Nesta reportagem, vamos contar histórias de mulheres pelo olhar de seus filhos e mostrar a importância do processo judicial para trazer alívio e paz às famílias afetadas.

Você vai ler nesta reportagem:

  • “A pessoa, além de ser morta no dia, ela acaba sendo morta outras várias vezes no dia do julgamento"
  • “A vida da minha mãe foi ceifada de mim”
  • Violência doméstica e o direito à vida
  • Fotos, vídeo e quadro.

Luíz diz que legado que a mãe deixou é o da alegria. Foto: Elias Oliveira

 “A pessoa, além de ser morta no dia, ela acaba sendo morta outras várias vezes"

Elizabeth Figueiredo, 60 anos, professora, mãe de dois filhos, avó de dois meninos, estava à espera da primeira neta quando o companheiro, com o qual vivia há oito anos, em meio a uma discussão por causa de uma chave do carro, a agrediu e tirou-lhe a vida em poucos segundos.

Do dia 6 de junho de 2021, na cidade de Pequizeiro, Norte do Tocantins, até hoje as histórias de vida da professora Elisabeth se entrelaçam a sentimentos de tristeza, dor, medo, ausência e saudade daqueles que a perderam para o feminicídio, como o seu filho, o engenheiro agrônomo Luíz Paulo Figueiredo Benício.

“Uma mulher guerreira, batalhadora, criou dois filhos solteira, na década de 80, que é uma coisa bem difícil em alguns momentos, estando desempregada, mas mesmo assim nunca deixou faltar nada dentro de casa. Assim que ela concluiu o ensino médio, passou a ser professora do Estado, e ao longo da sua carreira como professora, era muito querida na cidade. Uma pessoa muito legal, simples, de fácil trato, alegre, sempre disponível para qualquer pessoa. Realmente uma pessoa muito excepcional, muito querida por todos que a conheciam.”

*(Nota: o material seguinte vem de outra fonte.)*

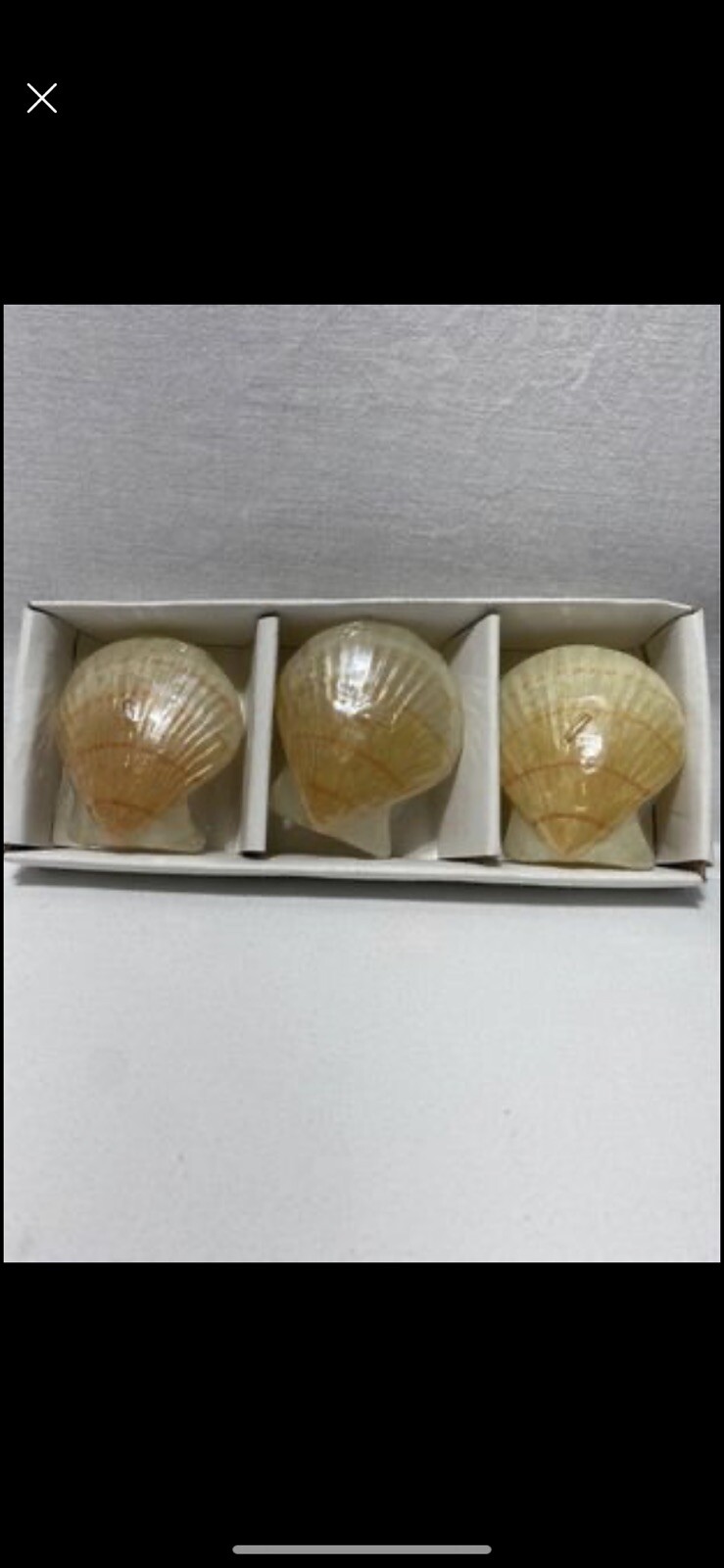 SEASHELL FLOATING CANDLES (3 PACK) BEACH / COASTAL HOME & BATHROOM DECOR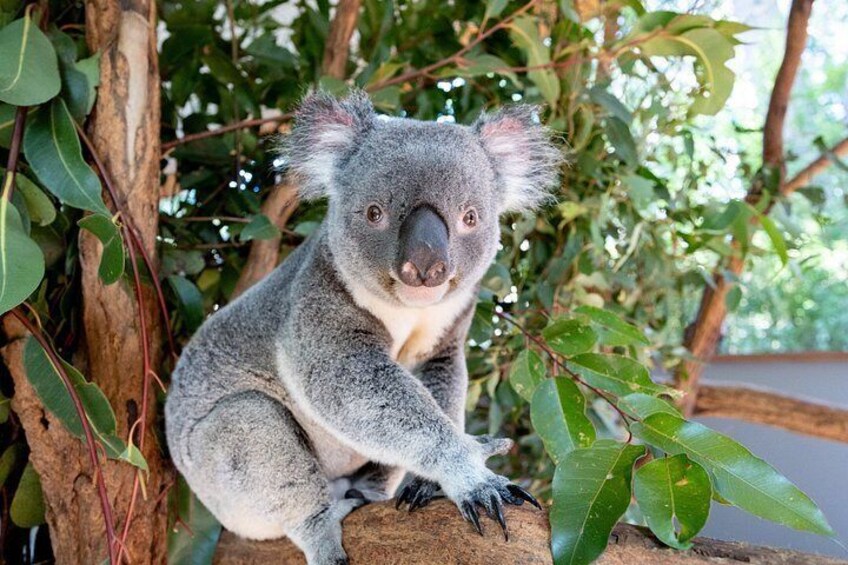 Koala on a branch 2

Há quase três anos sem a presença física da mãe, o filho conta que, além de administrar a dor da ausência, precisou entender o porquê de ter se tornado um órfão do feminicídio.

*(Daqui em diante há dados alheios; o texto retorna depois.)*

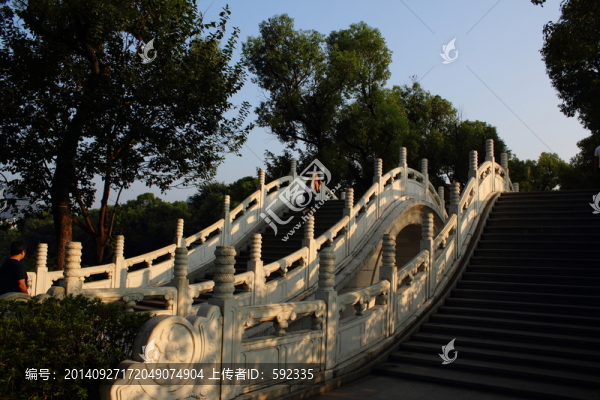 橋
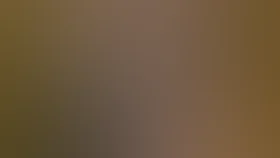 Свидетель обвинения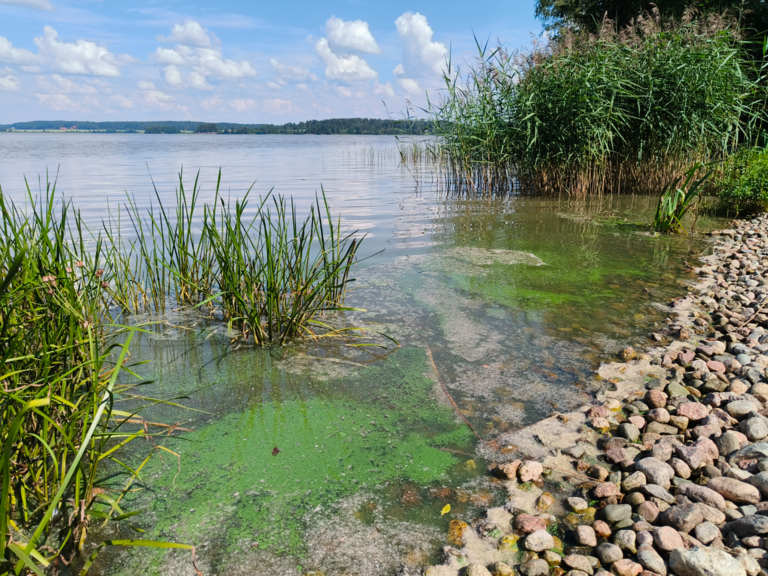 Mallusjärvi (18.033.1.001)-Valtakunnallinen sinileväseuranta (seurakunnan leirikeskus)-ObsIMG-202507231358-1753268396444.png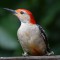 A Red-bellied Woodpecker heading to the feeder.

"Por que está acontecendo isso? Será que se eu estivesse junto eu tinha impedido? Será que eu conseguiria? Até entender todo o processo ao longo do tempo, participando das audiências, conversando com os advogados, escutando os depoimentos do pessoal envolvido, aí a gente vai entendendo realmente o que aconteceu, e aí acaba que deixa a gente mais..., a palavra, talvez seja revoltado mesmo, com toda a situação", diz.

Eu quero justiça!

Mais do que entender o porquê do crime, Luíz e toda a família queriam provar que a mãe morreu vítima de violência doméstica e não tirado a própria vida, como o acusado sugeriu.

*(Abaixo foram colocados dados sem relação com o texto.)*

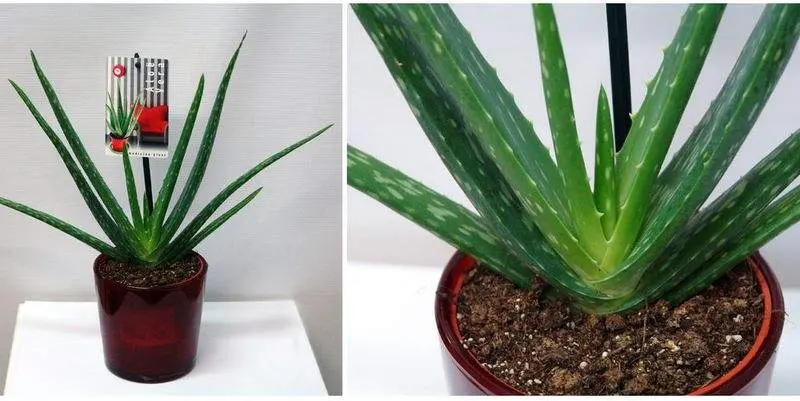 Алоэ Вера Д10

“Até próximo ao julgamento, ele (acusado) sustentava essa versão (suicídio) e para a gente era angústia, tanto para não ter o sentimento de impunidade, em um caso desse, e ter certeza que foi ele que fez isso. (...) E aí, o que a gente queria mesmo era essa comprovação para o pessoal ver que realmente foi ele quem fez essa barbaridade e que ele pague pelo crime que ele fez.”

O acusado foi a júri popular em janeiro de 2024 e o Conselho de Sentença o condenou a 18 anos de reclusão por homicídio triplamente qualificado (feminicídio, motivo fútil e por dificultar a defesa da vítima). Luíz passou cerca de oito horas ao lado do acusado de matar a mãe. Apesar de um dia difícil, ele diz que foi necessário, mesmo sabendo que não vai trazer a mãe de volta.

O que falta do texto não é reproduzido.